The required output is the line containing "Marant Etoile Houston 로고 코튼 스웨트 셔츠" followed by every line after it to the end of the listing, each written out exactly.

====

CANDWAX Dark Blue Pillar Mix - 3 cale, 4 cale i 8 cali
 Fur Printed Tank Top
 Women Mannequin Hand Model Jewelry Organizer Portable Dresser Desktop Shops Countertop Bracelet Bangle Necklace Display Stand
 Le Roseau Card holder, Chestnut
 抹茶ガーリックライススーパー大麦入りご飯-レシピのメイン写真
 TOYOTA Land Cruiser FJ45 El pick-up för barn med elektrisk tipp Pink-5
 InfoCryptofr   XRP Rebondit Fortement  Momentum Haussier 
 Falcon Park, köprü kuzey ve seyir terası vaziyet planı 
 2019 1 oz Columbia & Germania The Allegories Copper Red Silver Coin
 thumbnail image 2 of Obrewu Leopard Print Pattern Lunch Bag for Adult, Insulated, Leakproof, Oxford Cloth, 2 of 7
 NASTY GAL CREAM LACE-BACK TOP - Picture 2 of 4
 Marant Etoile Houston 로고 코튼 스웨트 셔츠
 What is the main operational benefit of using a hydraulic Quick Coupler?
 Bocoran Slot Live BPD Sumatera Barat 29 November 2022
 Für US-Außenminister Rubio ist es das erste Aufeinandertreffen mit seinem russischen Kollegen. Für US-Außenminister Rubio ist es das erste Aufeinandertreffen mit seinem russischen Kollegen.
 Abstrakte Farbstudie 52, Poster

====

REPLY
 Marant Etoile Houston 로고 코튼 스웨트 셔츠
 What is the main operational benefit of using a hydraulic Quick Coupler?
 Bocoran Slot Live BPD Sumatera Barat 29 November 2022
 Für US-Außenminister Rubio ist es das erste Aufeinandertreffen mit seinem russischen Kollegen. Für US-Außenminister Rubio ist es das erste Aufeinandertreffen mit seinem russischen Kollegen.
 Abstrakte Farbstudie 52, Poster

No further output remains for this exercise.